Top of RECORDS FOR THE TASK

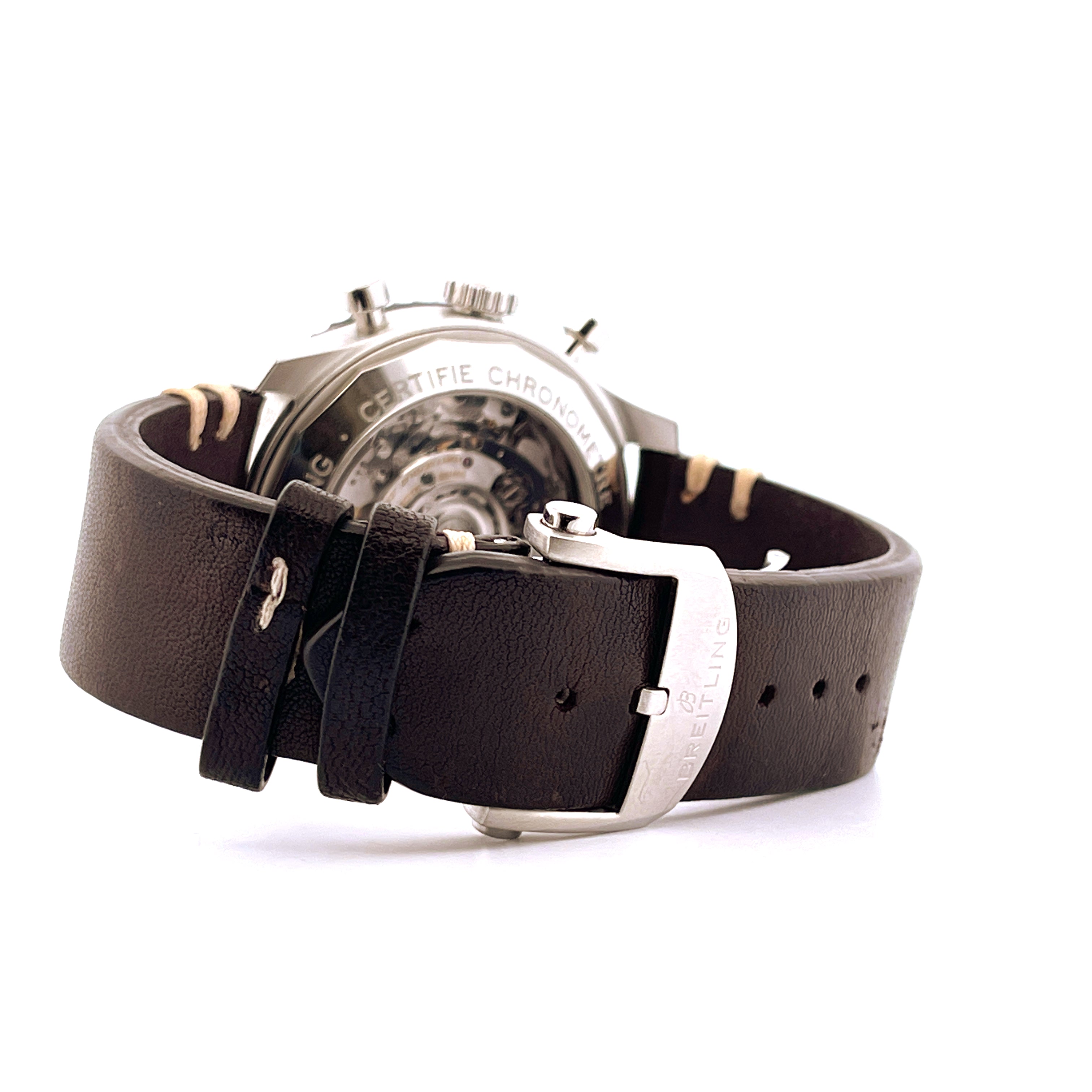 Breitling Aviator 8 B01 Chronograph 43 Mosquito Rückansicht mit braunem Lederarmband und Schließe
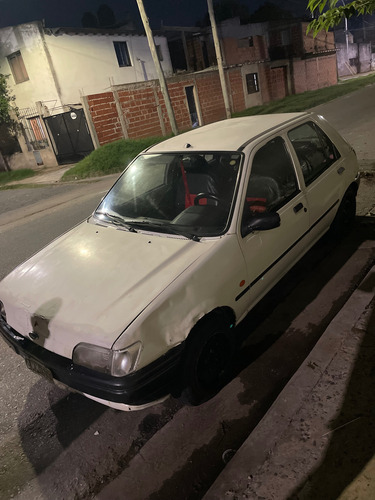 Ford Fiesta 1.8 Clx D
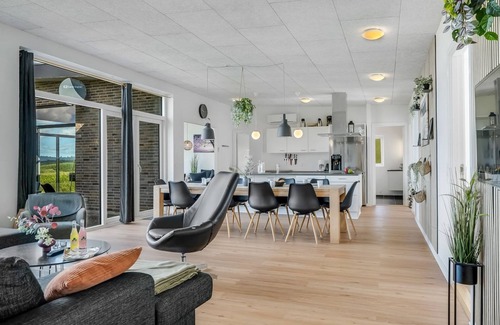 Ronbjerg House | "Eloise" - 50m to the fjord by Interhome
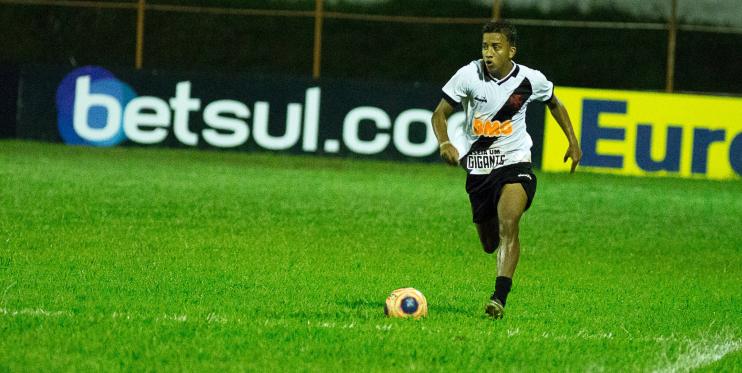 Joia da base ganha espaço no Vasco e deve ser titular na Copa Sul-Americana
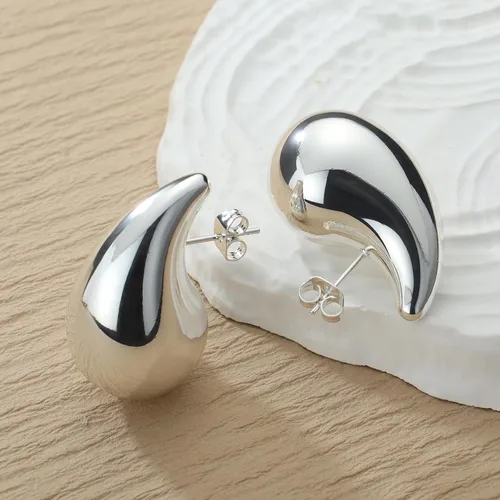 Vista 3 de Aretes de aro de acero quirúrgico 316L gruesos en forma de lágrima de oro para mujer, aretes de gota de agua, ligeros, hipoalergénicos, de diseño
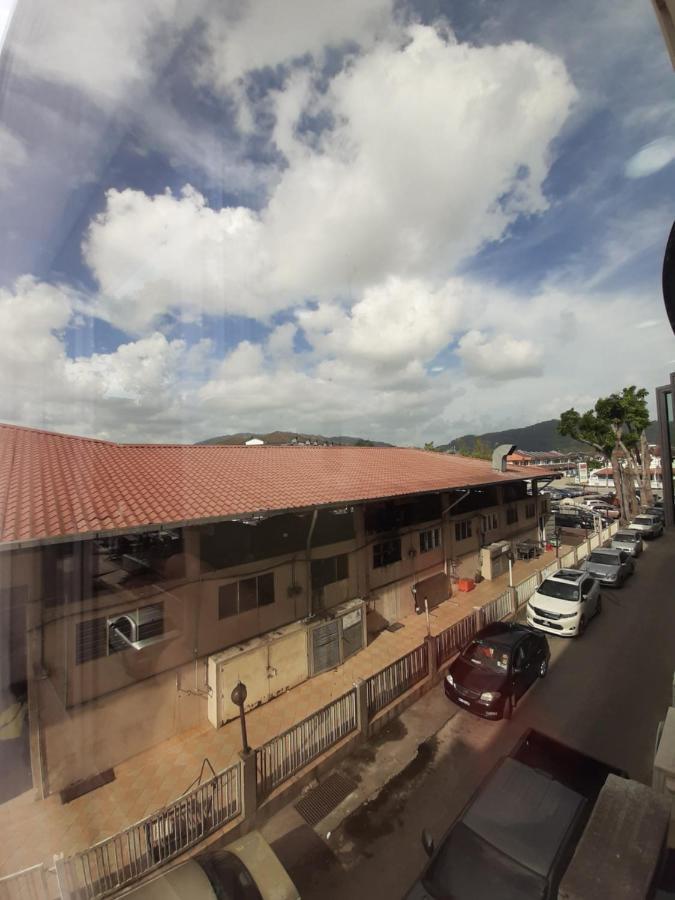 Hotel Avenue Kuantan Kültér fotó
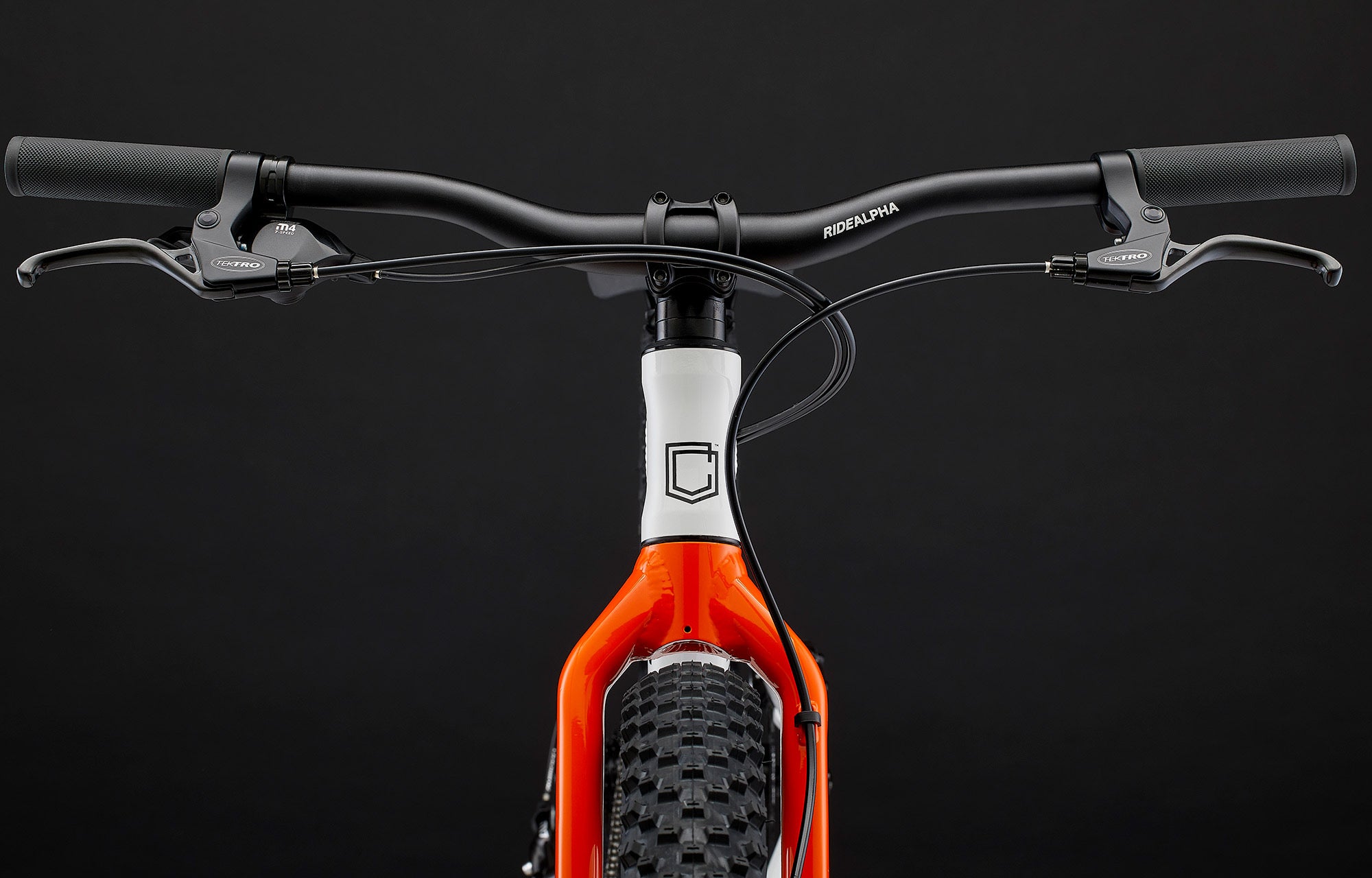 Commencal Ramones 24 Mountain Bike (7-Speed) — Ready Set Pedal Commencal Ramones 24 Mountain Bike (7-Speed) — Ready Set Pedal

Bottom of RECORDS FOR THE TASK

#### [EXERCISE]
Go through the material above and retype every line exactly, without the images.

#### [ANSWER TO THIS PROBLEM]
 Breitling Aviator 8 B01 Chronograph 43 Mosquito Rückansicht mit braunem Lederarmband und Schließe
 Ford Fiesta 1.8 Clx D
 Ronbjerg House | "Eloise" - 50m to the fjord by Interhome
 Joia da base ganha espaço no Vasco e deve ser titular na Copa Sul-Americana
 Vista 3 de Aretes de aro de acero quirúrgico 316L gruesos en forma de lágrima de oro para mujer, aretes de gota de agua, ligeros, hipoalergénicos, de diseño
 Hotel Avenue Kuantan Kültér fotó
 Commencal Ramones 24 Mountain Bike (7-Speed) — Ready Set Pedal Commencal Ramones 24 Mountain Bike (7-Speed) — Ready Set Pedal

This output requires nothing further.